"To make great products:
Do machine learning like the great engineer you are, not like the great machine learning expert you aren’t."
Not sure if they are saying quality is an input to the spam classifier?
Instead the approach they suggest (from my quick read) is to not include any information in the quality ranking system about spam but rather allow the spam classifier/filter to deal with it on it's own terms.
This is almost an oxymoron :)
Play once had a table that was stale for 6 months,
and refreshing the table alone gave a boost of 2%
in install rate
If the ML system and the heuristic system are disagreeing in a lot of cases, you have a problem. (Or, for this example, the heuristic system just flags that the table hasn't been updated.)
These flagged items are the things you check _before_ exporting your model to production.
So between developing the heuristic system and chasing down regressions in unit testing, it turns out ML isn't going to save you 90% of your engineering time.
This should have been in guide somewhere. Makes a lot more sense than the "data not updated" example, which is a bit too narrow.
> So between developing the heuristic system and chasing down regressions in unit testing, it turns out ML isn't going to save you 90% of your engineering time.
There are 2 rules about whether to use ML. First, there has to be some underlying rules for the machine to learn.
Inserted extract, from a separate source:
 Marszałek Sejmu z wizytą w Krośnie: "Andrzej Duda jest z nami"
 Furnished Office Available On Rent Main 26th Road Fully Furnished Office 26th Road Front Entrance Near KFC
Second, you only want ML if it's harder to figure out the rules themselves.
Of course you can bend the second rule a bit if you are a ML expert (and maybe even have the heuristic system lying around already).
Note that the heuristic only needs to be just "good enough".
Example: If Netflix's recommendation service is unavailable, the system just shows a list of popular movies instead of the personalized recommendations.